Short text fragments from websites:
==============================

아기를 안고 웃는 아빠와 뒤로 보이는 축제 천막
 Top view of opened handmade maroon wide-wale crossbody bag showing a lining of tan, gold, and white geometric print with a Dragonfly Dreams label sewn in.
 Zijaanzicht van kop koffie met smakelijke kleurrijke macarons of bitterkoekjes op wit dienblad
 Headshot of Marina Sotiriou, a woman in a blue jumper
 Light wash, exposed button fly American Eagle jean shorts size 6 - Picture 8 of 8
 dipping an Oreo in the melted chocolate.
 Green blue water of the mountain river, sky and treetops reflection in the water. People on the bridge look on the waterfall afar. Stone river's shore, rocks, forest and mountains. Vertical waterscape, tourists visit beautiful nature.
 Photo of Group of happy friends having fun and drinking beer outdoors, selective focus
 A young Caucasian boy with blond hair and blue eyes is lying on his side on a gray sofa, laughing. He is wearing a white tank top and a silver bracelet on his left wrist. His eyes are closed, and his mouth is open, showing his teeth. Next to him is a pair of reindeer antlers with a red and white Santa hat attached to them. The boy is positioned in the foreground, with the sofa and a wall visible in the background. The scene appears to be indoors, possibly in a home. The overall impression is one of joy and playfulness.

==============================

What is needed — Scan the entries above for the line containing "Green blue water", and copy it and all lines after it exactly, down to and including the line containing "Photo of Group".

Result of this exercise —
 Green blue water of the mountain river, sky and treetops reflection in the water. People on the bridge look on the waterfall afar. Stone river's shore, rocks, forest and mountains. Vertical waterscape, tourists visit beautiful nature.
 Photo of Group of happy friends having fun and drinking beer outdoors, selective focus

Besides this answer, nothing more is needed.